The International Energy Agency (IEA) has said there is desperate need for a seven fold increase in clean energy financing in emerging and developing economies in the next 10 years if global warming is to be capped at tolerable levels.
According to the IEA, financing needs to move from its present $260 billion to nearly $2 trillion in order keep temperatures from rising to catastrophic levels, annual investments in non-fossil fuel energy in emerging and developing economies.
“Financing clean energy in the emerging and developing world is the fault line of reaching international climate goals,” IEA Executive Director Fatih Birol said.
The report released on the eve of the two-day Summit for a New Global Financing Pact in Paris, seeks to galvanise support for revamping the mid-20th century architecture governing financial flows from rich to developing nations.
G20 nations are historically responsible for 80 percent of global carbon emissions, which are wreaking havoc on the earth’s climate.

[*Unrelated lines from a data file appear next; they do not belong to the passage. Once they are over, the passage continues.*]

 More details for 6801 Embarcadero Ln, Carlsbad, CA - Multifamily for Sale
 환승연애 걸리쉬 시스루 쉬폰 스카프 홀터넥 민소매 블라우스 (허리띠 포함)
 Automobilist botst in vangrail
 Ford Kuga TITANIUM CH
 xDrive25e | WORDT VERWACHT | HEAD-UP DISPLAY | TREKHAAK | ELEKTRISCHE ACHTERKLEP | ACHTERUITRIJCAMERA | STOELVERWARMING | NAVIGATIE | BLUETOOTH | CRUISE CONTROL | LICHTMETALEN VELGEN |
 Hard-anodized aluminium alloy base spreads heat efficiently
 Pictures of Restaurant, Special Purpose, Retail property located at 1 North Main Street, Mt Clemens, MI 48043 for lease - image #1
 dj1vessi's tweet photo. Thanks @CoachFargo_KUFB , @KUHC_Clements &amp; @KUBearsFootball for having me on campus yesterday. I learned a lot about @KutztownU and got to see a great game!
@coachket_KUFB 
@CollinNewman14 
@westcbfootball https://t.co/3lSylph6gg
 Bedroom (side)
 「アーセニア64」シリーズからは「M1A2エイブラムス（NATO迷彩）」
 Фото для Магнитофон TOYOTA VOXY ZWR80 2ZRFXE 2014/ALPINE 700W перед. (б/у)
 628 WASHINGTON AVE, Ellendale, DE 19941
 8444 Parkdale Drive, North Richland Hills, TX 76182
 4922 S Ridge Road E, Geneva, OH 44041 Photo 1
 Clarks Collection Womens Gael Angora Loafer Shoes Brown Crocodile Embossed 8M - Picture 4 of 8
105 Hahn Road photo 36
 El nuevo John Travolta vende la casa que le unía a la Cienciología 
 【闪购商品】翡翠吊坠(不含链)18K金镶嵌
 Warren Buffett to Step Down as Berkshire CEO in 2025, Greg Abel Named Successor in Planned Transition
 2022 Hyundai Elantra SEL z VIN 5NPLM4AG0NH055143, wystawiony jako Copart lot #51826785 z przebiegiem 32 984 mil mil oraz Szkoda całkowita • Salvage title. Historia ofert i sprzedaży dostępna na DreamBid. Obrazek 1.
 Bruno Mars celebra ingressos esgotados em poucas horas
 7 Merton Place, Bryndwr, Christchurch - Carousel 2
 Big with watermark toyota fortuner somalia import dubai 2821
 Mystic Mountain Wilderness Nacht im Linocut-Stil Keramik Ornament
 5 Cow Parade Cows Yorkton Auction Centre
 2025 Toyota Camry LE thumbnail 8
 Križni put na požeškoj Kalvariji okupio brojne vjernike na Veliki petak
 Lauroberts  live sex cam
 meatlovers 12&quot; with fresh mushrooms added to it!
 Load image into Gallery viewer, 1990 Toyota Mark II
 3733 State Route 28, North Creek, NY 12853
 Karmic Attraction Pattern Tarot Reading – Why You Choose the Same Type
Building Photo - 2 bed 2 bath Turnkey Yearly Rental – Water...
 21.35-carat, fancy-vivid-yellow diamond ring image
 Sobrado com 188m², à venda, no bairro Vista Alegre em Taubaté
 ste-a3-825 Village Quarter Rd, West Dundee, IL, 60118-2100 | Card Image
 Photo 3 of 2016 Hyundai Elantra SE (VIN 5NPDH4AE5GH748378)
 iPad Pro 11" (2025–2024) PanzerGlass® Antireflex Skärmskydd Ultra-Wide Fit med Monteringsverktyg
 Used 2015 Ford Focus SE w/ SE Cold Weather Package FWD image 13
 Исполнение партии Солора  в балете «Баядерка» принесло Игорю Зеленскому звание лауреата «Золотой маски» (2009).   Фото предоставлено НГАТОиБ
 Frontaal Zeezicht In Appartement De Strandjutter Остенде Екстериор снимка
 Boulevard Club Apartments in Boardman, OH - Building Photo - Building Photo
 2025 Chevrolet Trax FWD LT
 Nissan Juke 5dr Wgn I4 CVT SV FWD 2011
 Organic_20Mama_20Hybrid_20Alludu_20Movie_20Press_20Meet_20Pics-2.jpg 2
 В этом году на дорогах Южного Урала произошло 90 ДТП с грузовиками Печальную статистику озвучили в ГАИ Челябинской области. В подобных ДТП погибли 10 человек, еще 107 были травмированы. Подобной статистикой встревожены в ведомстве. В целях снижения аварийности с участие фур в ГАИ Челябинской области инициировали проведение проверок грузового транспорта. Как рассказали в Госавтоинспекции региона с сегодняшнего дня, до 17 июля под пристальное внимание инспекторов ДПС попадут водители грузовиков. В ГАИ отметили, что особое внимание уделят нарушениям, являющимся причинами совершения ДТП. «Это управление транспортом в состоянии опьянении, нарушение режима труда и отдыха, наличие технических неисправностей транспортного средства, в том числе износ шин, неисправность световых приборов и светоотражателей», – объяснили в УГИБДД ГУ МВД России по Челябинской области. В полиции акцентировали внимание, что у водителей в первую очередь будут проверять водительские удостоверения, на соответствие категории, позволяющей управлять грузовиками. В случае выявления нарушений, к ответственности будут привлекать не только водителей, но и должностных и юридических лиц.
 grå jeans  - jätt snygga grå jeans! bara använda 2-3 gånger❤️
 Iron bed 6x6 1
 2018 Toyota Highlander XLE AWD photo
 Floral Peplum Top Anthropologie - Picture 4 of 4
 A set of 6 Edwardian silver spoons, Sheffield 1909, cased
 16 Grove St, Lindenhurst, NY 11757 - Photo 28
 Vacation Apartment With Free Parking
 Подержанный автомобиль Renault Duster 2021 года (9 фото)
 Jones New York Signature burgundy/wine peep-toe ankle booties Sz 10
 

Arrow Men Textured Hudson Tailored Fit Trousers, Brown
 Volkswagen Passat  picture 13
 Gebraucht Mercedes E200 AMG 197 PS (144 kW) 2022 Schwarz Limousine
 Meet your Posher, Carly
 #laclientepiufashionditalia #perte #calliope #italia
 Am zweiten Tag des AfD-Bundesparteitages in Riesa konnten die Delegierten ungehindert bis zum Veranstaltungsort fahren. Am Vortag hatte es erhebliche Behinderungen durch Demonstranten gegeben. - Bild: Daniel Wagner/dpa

According to Amnesty International’s secretary general, Agnès Callamard, “Many vulnerable, lower-income states have been overwhelmed by economic shocks, debts they cannot pay, and the effects of climate change – a crisis to which they contributed very little, but which is costing people in these countries dearly,”
“These are unprecedented challenges that require a rethink of how the world’s financial architecture is set up,”
Speeding the transition from dirty to clean energy and helping emerging and developing economies cope with and prepare for devastating climate impacts are high on the summit agenda.
Nearly 800 million people lack electricity and 2.4 billion have no access to clean cooking fuels, most of whom reside in poor and emerging countries.
Under current policy trends, one-third of the rise in energy use in these nations over the next decade will be met by burning fossil fuels, the main driver of global warming, the IEA warned.
According to Birol, investments in clean energy are increasing, but “the bad news is that more than 90 percent of that increase in clean energy since the Paris Agreement in 2015 comes from advanced economies and China.”
To unlock the potential for clean energy in emerging and developing economies, the report emphasized the need for greater international technical, regulatory and financial support.
Based on the IEA’s report, two-thirds of the financing for clean energy projects in emerging and developing economies excluding China “will need to come from the private sector” because public sector investments are “insufficient to deliver universal access to energy and tackle climate change”.
According to the IEA report, there is potential for rapidly ramping up renewable energy. Solar power is now the cheapest source of electricity generation across almost the entire world.
At least 40 percent of the global solar radiation reaching the planet lands on sub-Saharan Africa, and yet nearly 10 times more solar capacity was installed in China last year than across the entire African continent.